Não me lembro da vez primeira que o vi. Ele, porém, se lembra de tudo, como se o passado mais remoto fosse ontem. Memória privilegiada é o que tem de melhor. Graças a ela, nem precisa de papel, lápis, computador para escrever. Assim elaborou até sonetos decassílabos. Seus poemas nascem e tomam forma na memória, para depois ganharem o espaço definitivo no papel. Além disso, sabe de cor poemas longos dele e de outros, que recita, declama ou fala, com desenvoltura de locutor de rádio. Não hesita, não gagueja, olhos fitos na plateia ou no interlocutor.

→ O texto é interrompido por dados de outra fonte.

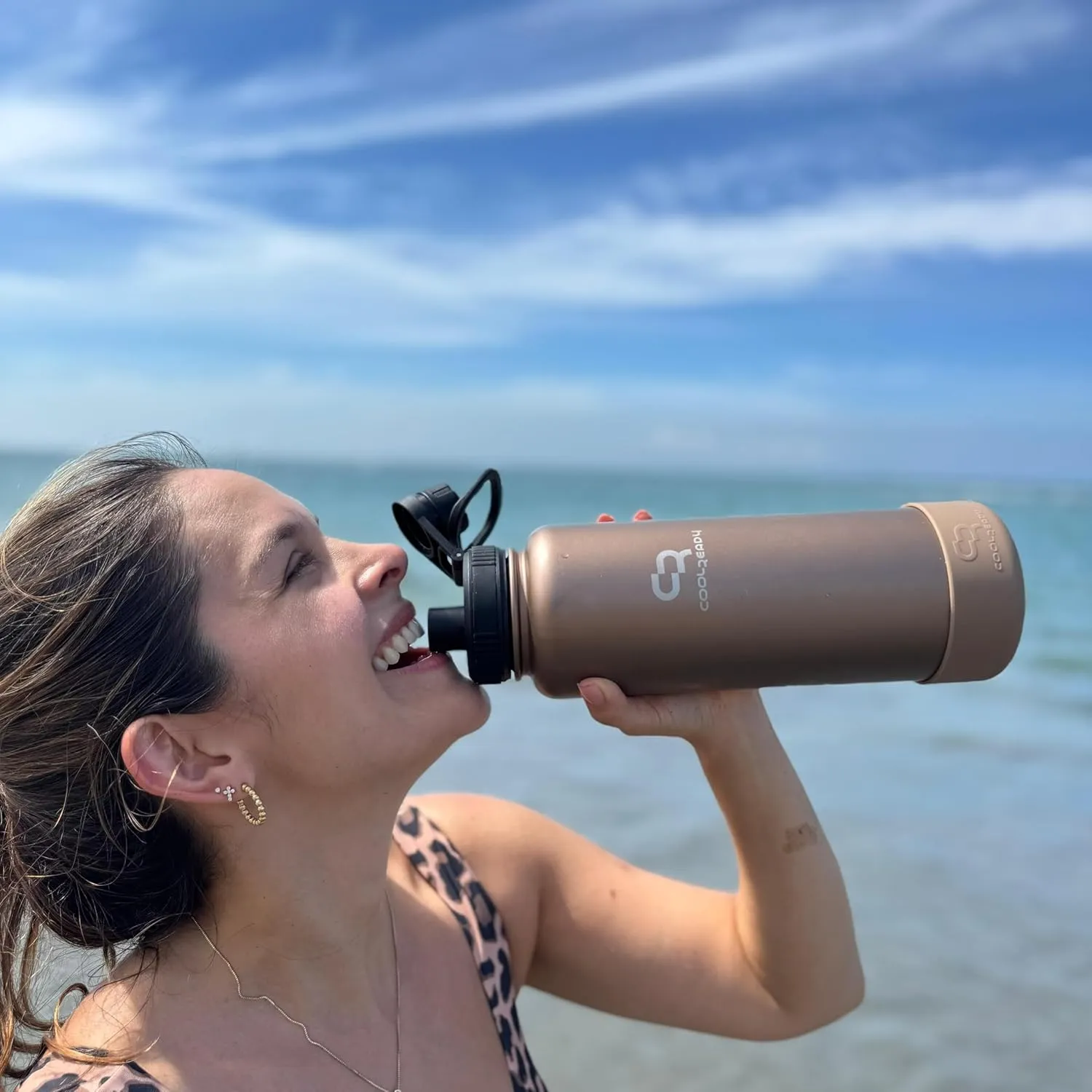 40oz Gold Double Walled Insulated Stainless Steel Water Bottle with Straw Lid, Chug Lid, Silicon Boot, Wide Mouth, Workout Bottle for Men and Women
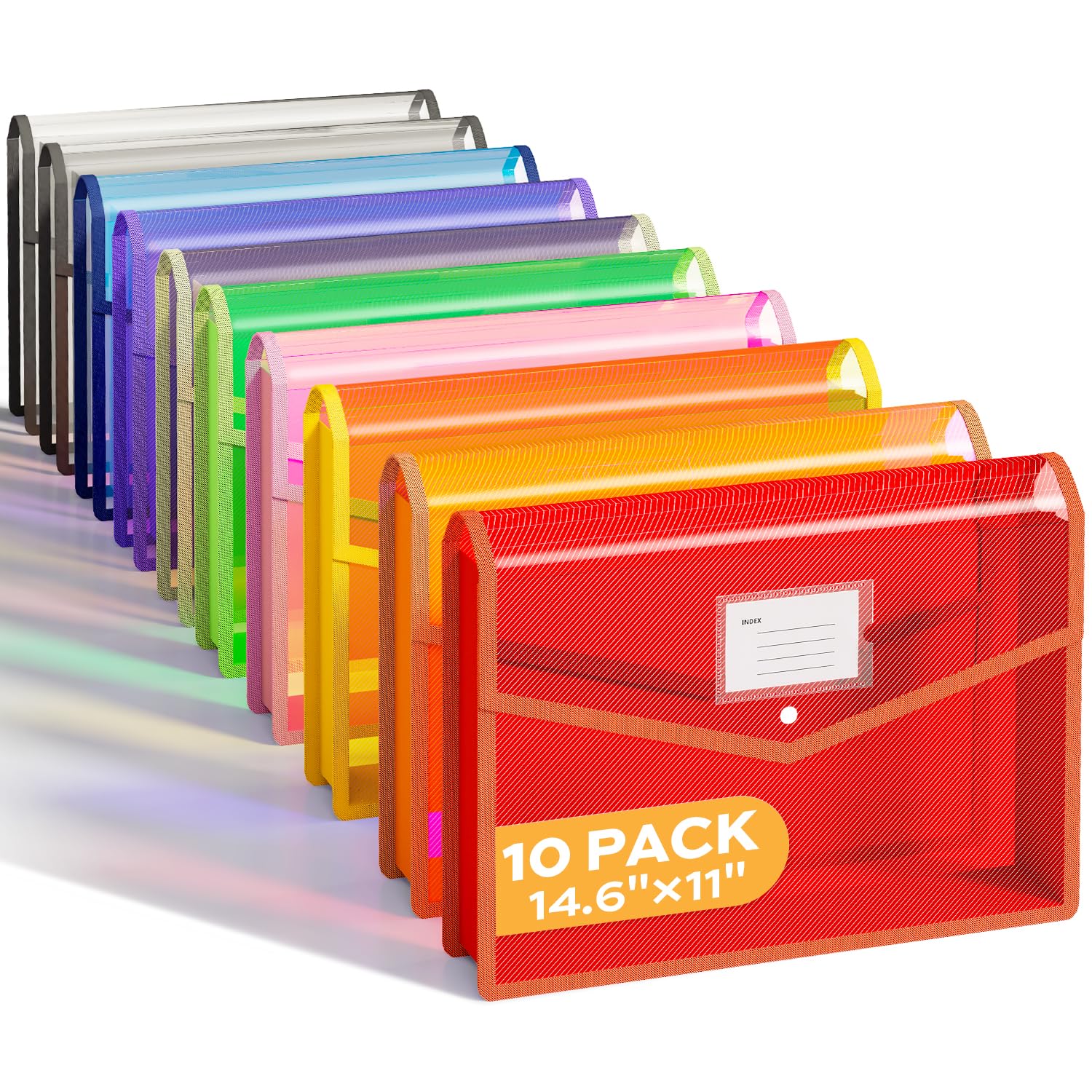 Deli Confezione da 10 cartelle in plastica espandibili per documenti con chiusura a scatto, organizer colorato per cartelle a fisarmonica, grande capacità, adatta per legali/formato B4, 9 colori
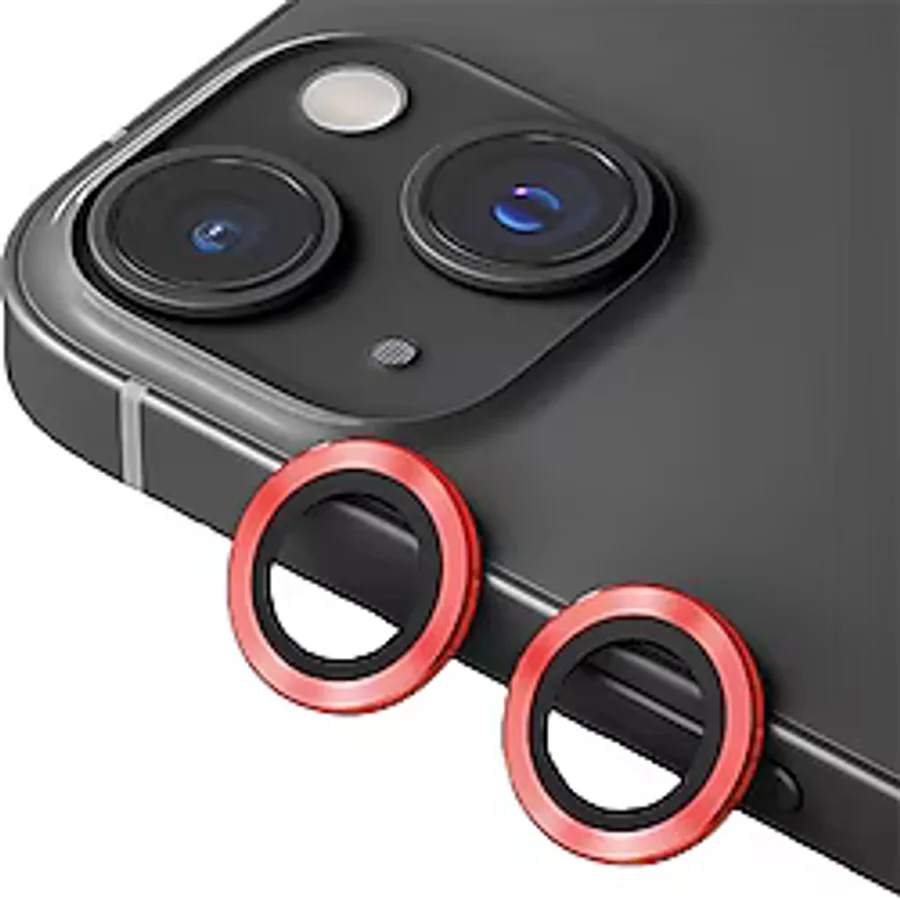 Binano Metal Ring iPhone 14/14 Plus Kamera Koruyucu Kırmızı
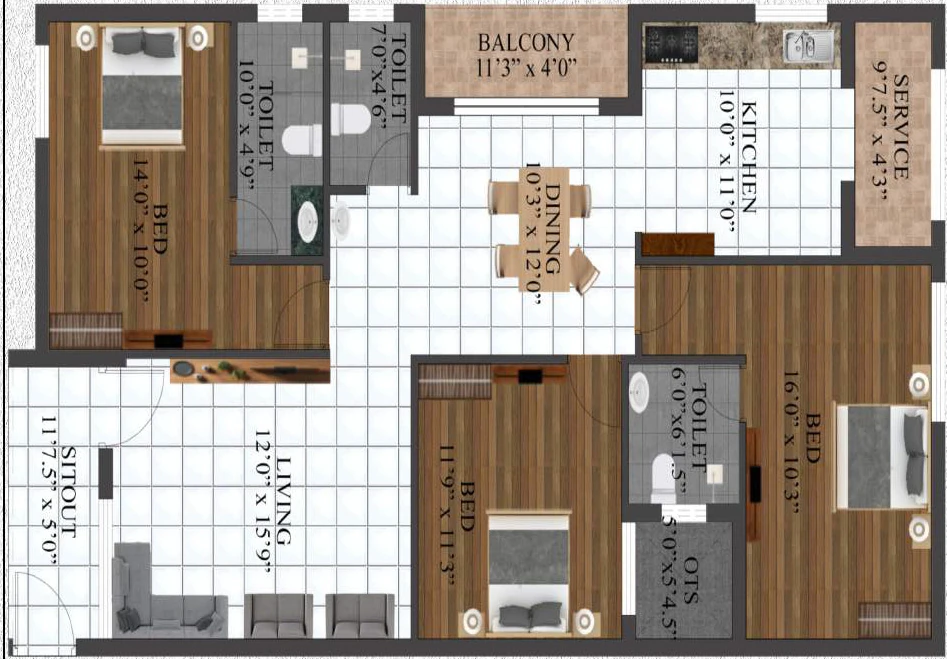 3 BHK Flat in Navaneetha RR Raghavendra in RS Puram, Coimbatore - Image 883773
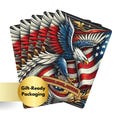 Trump 2024 Patriotic Playing Cards - Gold Eagle & American Flag Deck | Premium Trump-Themed 52-Card Deck with Jokers | Trump Gift Idea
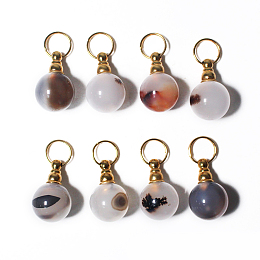 Natural Agate Perfume Bottle Pendants, with Real 18K Gold Plated Metal Covers, Round, 30~50cm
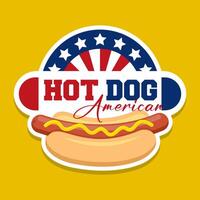 Hot dog vector emblem bread sausage mustard illustration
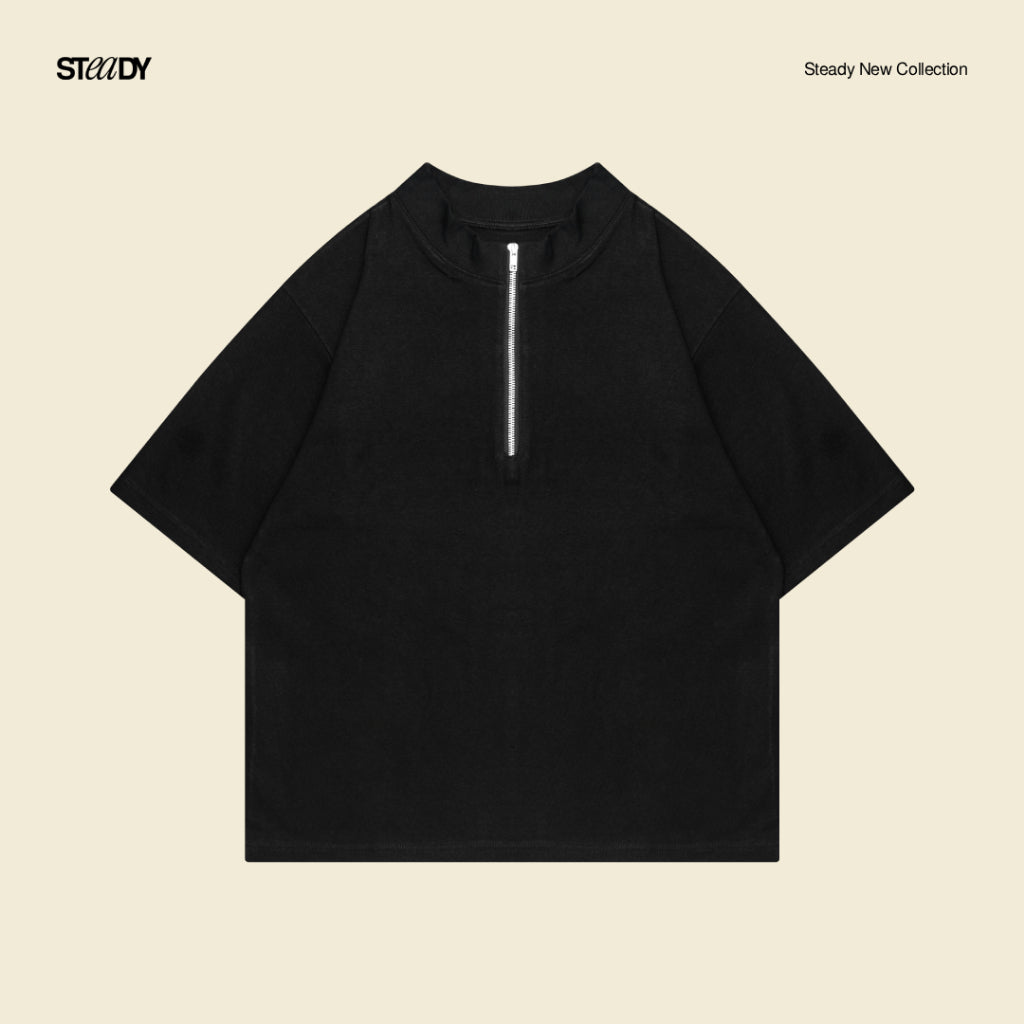 Half Zip Heavyweight 265GSM Oversized T-Shirt - Black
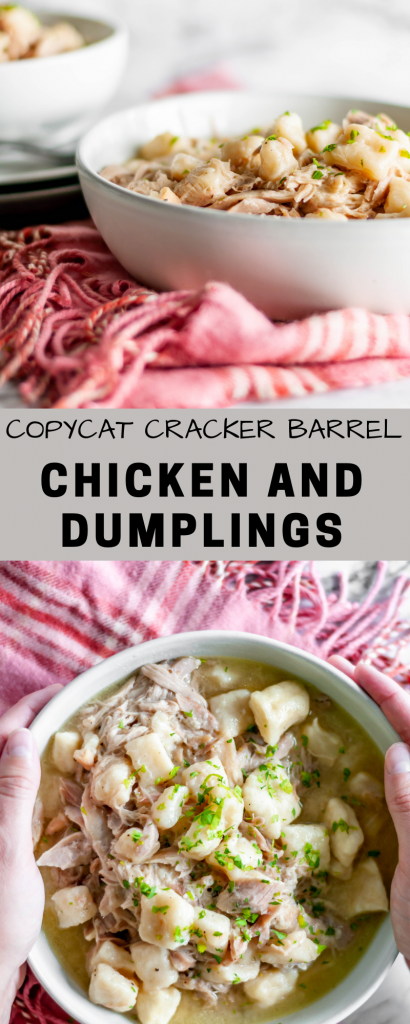 Copycat Cracker Barrel Chicken and Dumplings is the perfect comfort food meal when the weather is chilly and you're craving some cozy comfort.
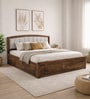 Zephyr Sheesham Wood King Size Bed In Provincial Teak Finish With Hydraulic Storage
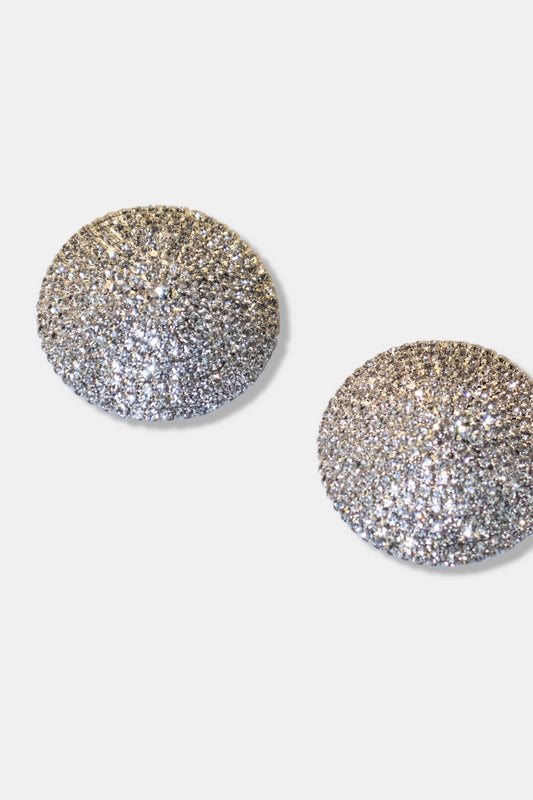 Round Nipple Pasties Diamante Silver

Segundo ele, nós nos vimos pela primeira vez na época da publicação de minha novela A guerra da donzela, o que se deu em 1982. Devo ter promovido uma noite de autógrafos. Não recordo desse tempo. Ainda de acordo com os registros de sua memória, três ou quatro anos depois, fomos apresentados, num dos encontros promovidos por Almeida Fischer (os da ANE). “Você estava com um livro novo na praça, talvez Punhalzinho cravado de ódio”. Deve ser verdade.

Aos poucos, fomos nos tornando amigos ou mais próximos. Não aquela amizade pegajosa, alimentada em cochichos, confissões e outras intimidades. Nem aqueloutra, que leva homens e mulheres a alcovas largas, nas quais se deleitam quatro ou mais seres humanos no conhecido suingue ou sexo grupal.

A partir de 1993 (ou do número 5 da revista Literatura), nós nos aproximamos mais ainda. Conhecedor de seu dinamismo e de sua competência como revisor, editor e diagramador, convidei-o a editar comigo e Emanuel Medeiros a revista. Foram muitos anos de convívio quase diário, sobretudo nos dias que antecediam a impressão gráfica. Sempre a sugerir mudanças, deu início à publicação de entrevistas com escritores, que realizava com muita perícia. Preocupava-se com o silêncio dos mais idosos: “Nilto, este homem está muito velho e precisamos entrevistá-lo, antes que parta”. E assim entrevistou Alan Viggiano, Altimar Pimentel, Francisco Carvalho, José Godoy Garcia, José Hélder de Sousa e outros.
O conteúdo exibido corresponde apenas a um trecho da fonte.